Series Overview – Scream (1996-2015)

When director Wes Craven and writer Kevin Williamson teamed up to release Scream in 1996, they changed the horror genre with its fourth wall-breaking, movie-referencing dialogue. Scream was a film that spoke to the newly born, savvy internet generation, a film that wasn’t afraid to reveal, discuss and make light of the unwritten rules that governed all slasher films until that point.

Click one of the posters below for a full review of that movie.

Scream (1996)
Scream is to modern horror films what the Beatles were to rock music. Look at it now and it’s easy to forget the impact it’s had on so many of the films we’ve seen since. Nowadays almost every slasher movie has some sort of “clever” post-modern fourth wall-breaking scene where someone says “we shouldn’t split up, that’s how people die in the movies”. Scream did it first, and while it’s been imitated countless times since it’s somewhat telling that Scream still does it better than most, 15 years since its release.

Scream 2 (1997)
“After slicing apart the horror genre and aiming knowing winks at many of its foibles in Scream, some felt that there wasn’t much opportunity to do the same in Scream 2 since so much had been covered already. By its very nature though Scream 2provided Wes Craven and writer Kevin Williamson a chance to poke fun at one very important aspect of horror films that went unchallenged in the first film – sequels.”

Scream 3 (2000)
“Gone are the clever references to horror films from the first Scream and the cheeky nods at sequel clichés in its follow-up, replaced by confusing plot points, tired fourth wall references and an ending that’s about as satisfying as using beehives as football boots, with the simple explanation each time that ‘hey, it’s the third one, we can do any old shite and it’s fair game’.”

Scream 4 (2011)
Scream 4 had an uphill battle to be relevant in this new all-knowing, self-referential, nudge-nudge-wink-wink horror landscape, one the Scream series itself essentially created in the first place. It’s impressive, then, that writer Kevin Williamson and director Wes Craven have taken these decade-old characters and ideas and brought them into the 2010s so convincingly.”

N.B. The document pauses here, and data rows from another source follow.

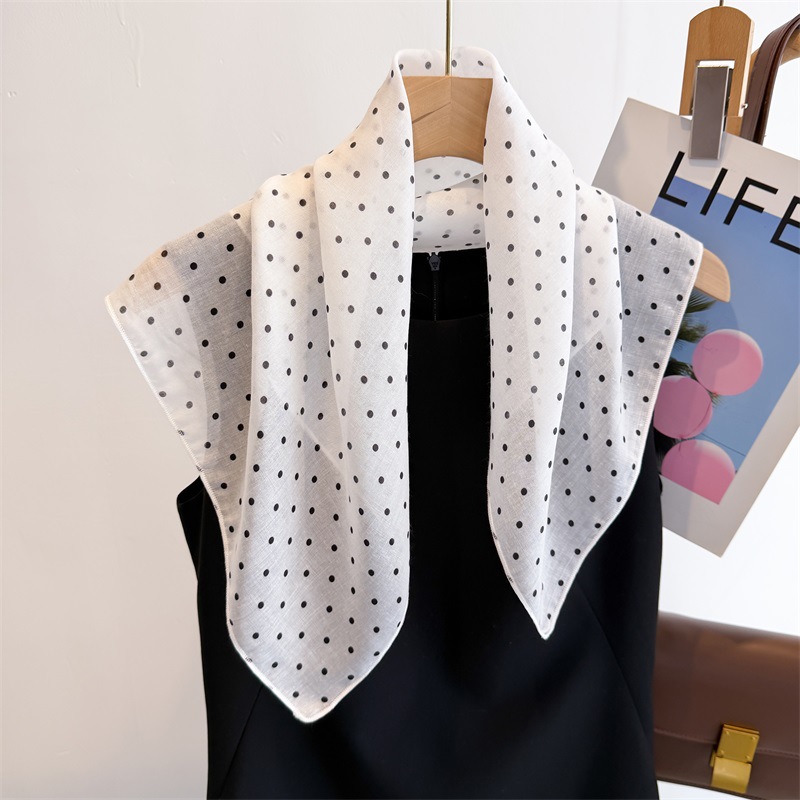 50cm Cotton Linen Square Scarf - Bandana Cotton avaliação e preço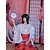 tanie Kostiumy anime-Zainspirowany przez InuYasha Kikyo / Miko Anime Kostiumy cosplay Japoński Garnitury cosplay / Kimono Solidne kolory Długi rękaw Top / Spodnie Na Męskie / Damskie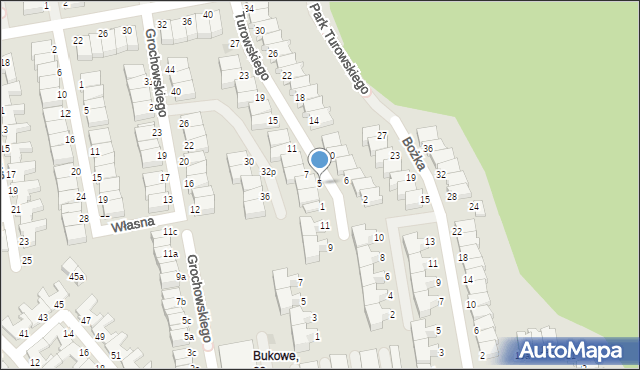 Koszalin, Turowskiego Władysława, 5, mapa Koszalina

Scream The TV Series poster

Scream: The TV Series (2015)
“Regardless of your thoughts on the four Scream movies, Scream: The TV Series should be approached as a completely new franchise because, essentially, it is. Woodsboro, the location of the Scream films, doesn’t exist. Sidney, Gale Weathers, Officer Dewey, they’re all completely gone. There is no reference whatsoever to the events of the movies.”